December 15th, 2024

City budget requires 2.5% tax hike, new council hears

By COLLIN GALLANT on November 16, 2021.

cgallant@medicinehatnews.com@CollinGallant

The 2022 city budget calls for a 2.5% tax increase – essentially the first hike in three years – and will take up the task of balancing the city budget as a matter of thirds.

Last year administrators were asked to remove the final $7.8 million in dividends from the municipal operating budget for this year. That would end any reliance on gas and power revenue, which has been unpredictable or non-existent in the case of gas since 2014.

The document presented Monday shows tax increases would cover inflationary pressure, while the budget gap would be filled one third in new revenue, one third in new spending cuts and the remaining pulled from city’s bank accounts, each equal to about $2.5 million.

The entire municipal budget would increase by about 6% to $124.5 million.

Next year will be the last in the 2019-2022 budget cycle, which had originally called for 4% tax increases each year.

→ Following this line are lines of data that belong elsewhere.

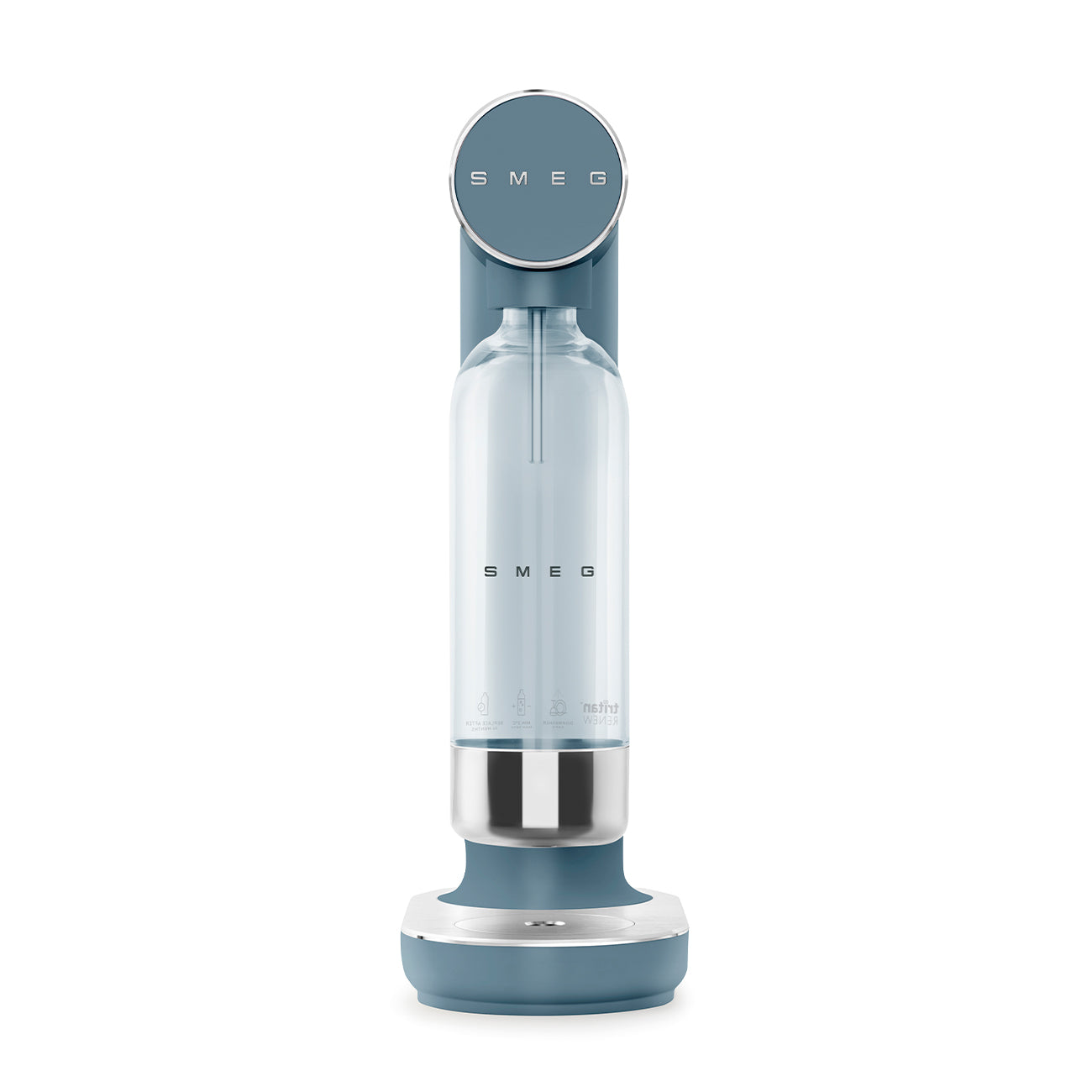 Smeg SKC01SBM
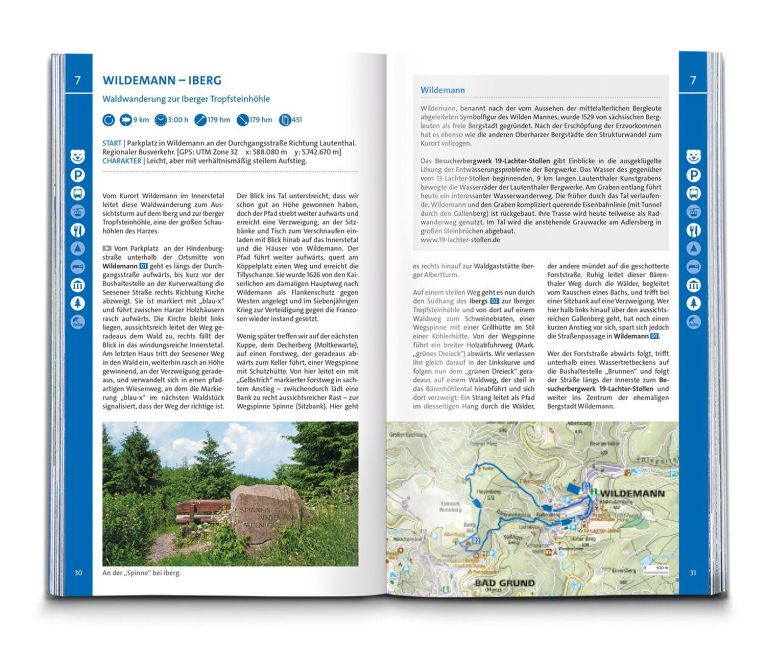 InsideView 11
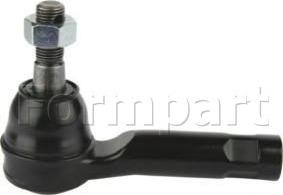 Formpart 3802043 - Rotule de barre de connexion droxauto.com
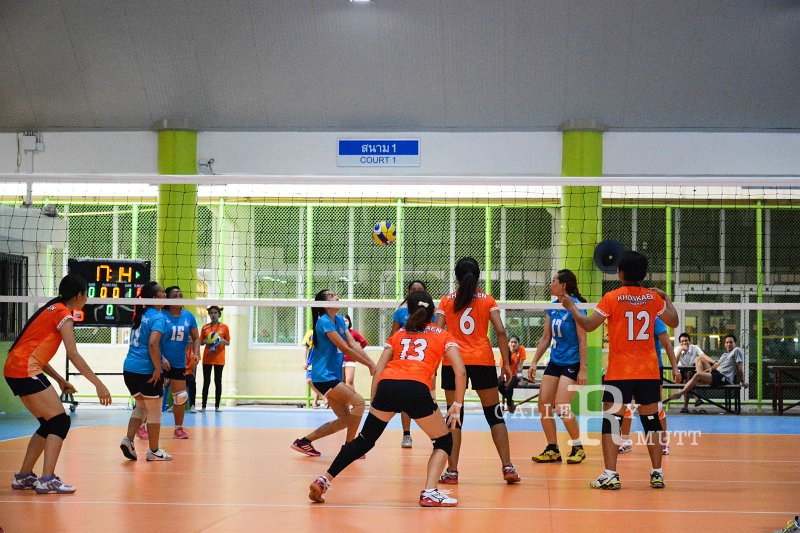 20160606-PR21-537.jpg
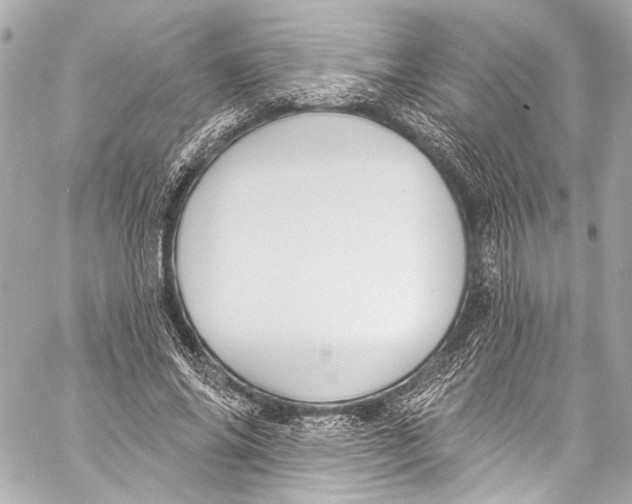 X0000057070686200510071433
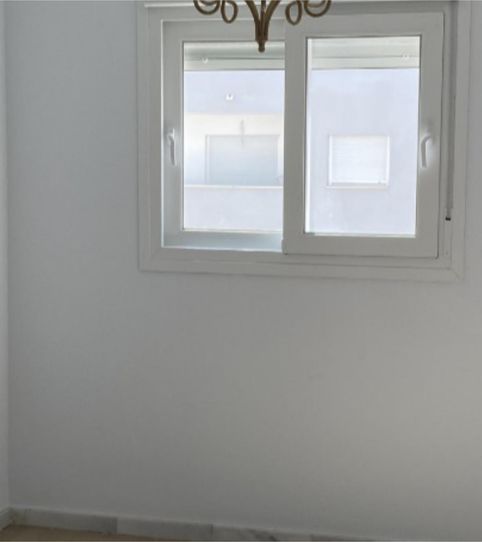 Foto 2 von Wohnung zur Miete in Calle Averroes, 2, Zona Universitaria, Bormujos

In mid-2020 however, council voted to put $4 million more from reserves into the budget to flatten tax hikes as a so-called “COVID relief” package. Last year approved a near $15-million raft of spending cuts and financial changes to keep rates at 2019 levels.

At the same time they called on budget authors to cut another $8 million in spending to accomplish a “financially fit” budget goal of eliminating $24 million in dividend income over 10 years from operational spending by phasing in cuts, tax increases and using reserve cash as bridge funding.

An “Accelerated Financially Fit” process, approved in late 2020, called officials to balance the budget without raising taxes or using reserve cash five years ahead of schedule.

Budget officials say they are on track to save the $14.8 million in cuts for 2021.

Utility rates change

Utility rate changes introduced at city council on Monday would see the average residential user pay about $3.28 more per month in 2022.

That equates to a 1.5% increase over all five utility categories, but three-quarters of the increase is related to sewer fee changes, or about $2.68 more in an average month.

Other changes and monthly averages are electric distribution (up 55-cents to $47.45 per month), gas distribution (down 65-cents, $40.78), water (up 46-cents, $46.89), and garbage collection (up 24-cents, $27.42).